A reproducible and well-structured project demonstrating a range of methods covered in the course.
Kaggle is a step removed from primary data sources. It can be harder to find good information on the actual source of the numbers.
The total number of flights for each month is recorded in the dataset, however, there is no mention of any distinction between passenger flights and cargo flights, so more research or confirmation is warranted before claiming that the numbers are all for passenger flights.
The questions described in the introduction are generic and imprecise; it would be better to explain a more focused goal and achievement of the project.
Studying the marginal distribution of points has limited value in the presence of seasonality.
The PACF plot looks rather hard to use usefully in the presence of seasonality. What do we learn from this plot? If nothing, maybe it should be omitted, or limited to the study of residuals.
The seasonality here is so evident that it would be better to focus more on SARIMA than ARIMA.
Residuals “centered around zero” is not evidence of good model fit, it is a mathematical necessity from fitting the model to any data.

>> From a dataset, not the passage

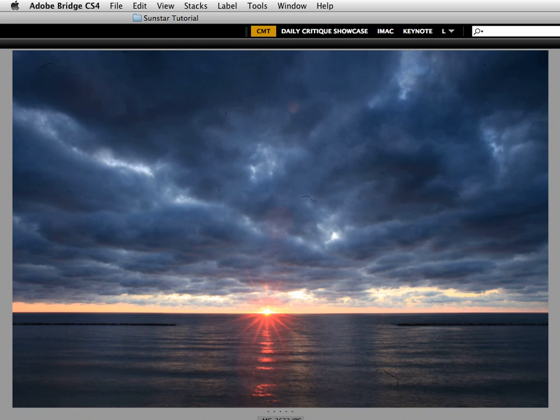One of the really neat things about digital capture is if it is a building or a tree where your camera position is going to be the critical factor in terms of where you position the sun relative to an object, you can just look on your LCD and you can figure out when you're getting the best effect.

Residuals look to be auto-correlated.
Plotting the log on the same scale as the original data doesn’t show visually what is going on. The log-transoformed data just looks constant at zero.
“additional peaks at frequencies around 3 and 5 suggest secondary periodic components.” The report should note that these are harmonics describing non-sinusoidal seasonality at 1 cycle per year
For the AIC table, it is worth adding an extra row and column, even if those larger models are unlikely to be selected.
The ARIMA(2,1) roots plot shows the roots themselves not the inverse roots, thus they are outside the unit circle as they should be for causality & invertibility.
The conclusion reads, “This type of analysis is incredibly important because it offers insight into how the airline industry can structure future improvements to optimize overall efficiency in regards to the volume of flights offered each month.” It would be nice to know more details about how this time series analysis can have such large impact. Without details, a big claim seems empty.
Covariate time series, such as the macroeconomic datasets studied in class, could be used to help understand the data and perhaps also for forecasting.
Captions for figures (as well as figure number/ section numbers) would help readers. There are many figures, and it is hard to keep track without help.
Very limited reference is made to previous midterm projects, so the project is not well placed in the context of previous work. One project is credited for “formatting the unit root test graphs, particularly visualization techniques adapted for ADF tests”